Dr. Spina, despite his extensive knowledge of human anatomy and function will often refer to certain muscle groups as simply “stuff” on purpose. He has a physiological basis for doing so, a term he calls “BioFlow” (which I won’t get into here). He purports that oftentimes we have these preconceived notions of how certain body parts (muscle vs. ligament vs. tendon vs. fascia) should function in the body, and that these are hard unchanging rules. Such thinking may tend to compartmentalize our clinical thought processes into small boxes and we adhere to these rules based on arbitrary anatomical nomenclature.
For example, textbook kinesiology says that the iliotibial band is a knee flexor at 30+ degrees of knee flexion and a knee extensor at angles less than 30 degrees. Or that the MCL of the knee extends from the medial epicondyle of the femur to the medial condyle of the tibia.
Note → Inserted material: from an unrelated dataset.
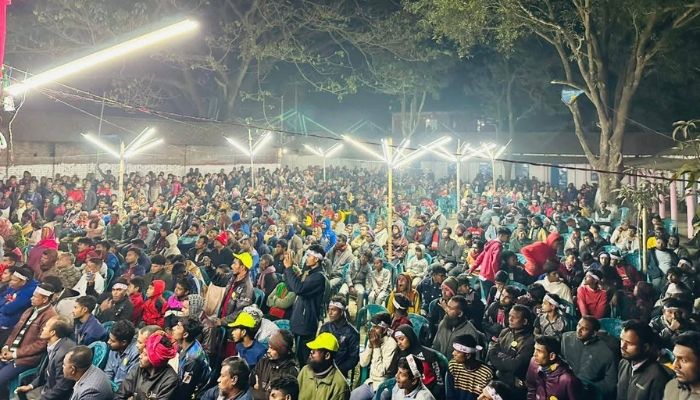 ফিকে হয়ে আসছে সেরা নির্বাচনের অঙ্গিকার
These structures are defined as such through cadaveric studies whereupon function is assigned based on observed anatomical landmarks, but these functions may not necessarily apply in living humans. Hence, "there's no such thing as an ITB (by the textbook definition). Your MCL (by the textbook definition) does not exist."
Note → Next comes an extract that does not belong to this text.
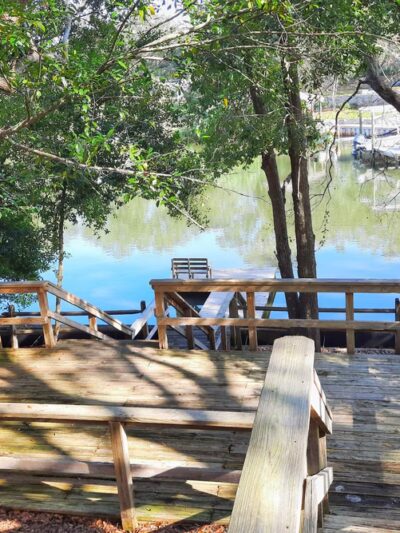 Woodland Park - Gulf Breeze, FL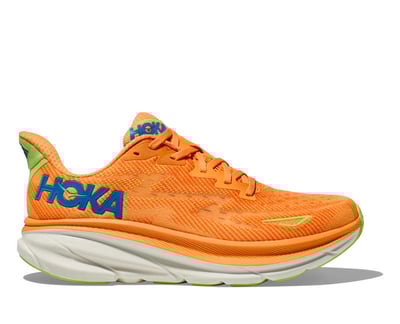HOKA Clifton 9 1127895-SLRL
“You will always regret not training in the position you get injured in.”
When someone gets injured in a certain position, say an ankle inversion sprain, one might think he/she needs to avoid inversion indefinitely and that any movement that occurs in ankle inversion is harmful. In reality, at the appropriate time we should actually be training patients MORE in positions of previous injury (barring acute inflammation or excessive pain) to build resilience in those weak points.
“Your injury doesn’t give a sh*t if you don’t have time to take care of it.”
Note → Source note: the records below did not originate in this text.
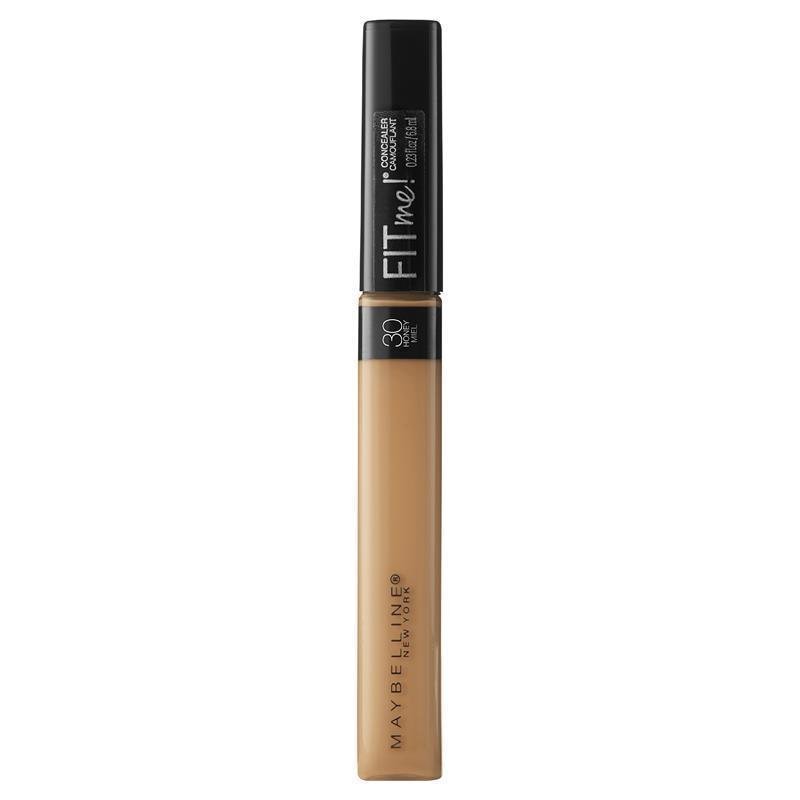 Maybelline Fit Me Natural Coverage Concealer - Honey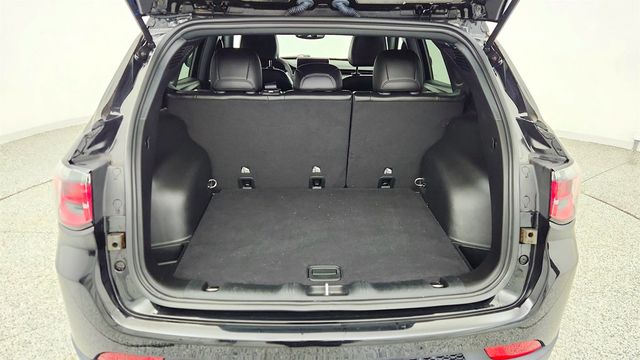 2023 Jeep Compass Trailhawk 4x4 - 23004179 - 20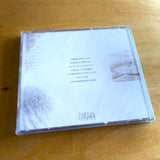 A Knife In The Dark - Songs Without Witness CD
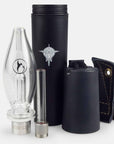 Honeybird® Classic Cannaster with Quartz Tip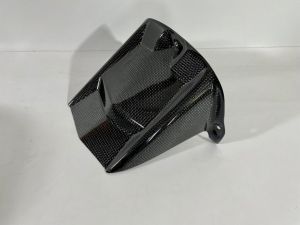 Carbon Hugger Yamaha R6 2006 - 2025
Doing the exercises your physical therapist gives you for homework sucks. They can be boring and time-consuming. We often want to make concessions or short-cuts to make the process easier, more conducive to our busy work schedules, to accommodate our feelings of boredom or to make room for more fitness-related goals.
Why do we do this when it comes to the health of our bodies? When one consults a lawyer for legal advice, does one pick and choose the advice that fits best into one’s schedule or is most accommodating? No! There is a correct course of action to take, with sub-optimal results that occur as a consequence when the advice is not heeded. Like going to jail.
Your torn hamstring doesn’t care if you don’t have time to treat it correctly. It will continue being a torn hamstring and will continue to be painful.
Other Noteworthy Principles
On cramping prevention: Graded exposure of certain joints to gradually increasing loads for gradually increasing durations in potentially cramp-inducing positions can build cramp resilience. The goal is to familiarize your nervous system with inefficient positions in order to make them more efficient and to give your muscles the ability to contract when called upon.
Eccentric Neural Grooving: Eccentric loading exercises give the necessary stimulus to muscles to get longer by adding sarcomeres in length. Static stretching doesn’t produce a load-bearing stimulus to the cells. Use eccentric training as a preventative intervention to tendinopathy rather than waiting for it to occur.
Overall I found both courses to be very educational experiences whose principles I will be frequently incorporating into my practice. The Functional Anatomy Seminars were a refreshing departure from topics I’ve recently been reading about or attending courses for, such as regional interdependence, mobility vs. stability, the biopsychosocial model of pain, etc. They allowed me to look at rehabilitation principles with more of a focus on what is occurring from a biochemical and histological (or tissue structure) perspective and I recommend these courses to health care professionals or those in the wellness industry as your scope of practice allows.
Special thanks to Perfect Stride Physical Therapy and Crossfit Union Square for hosting!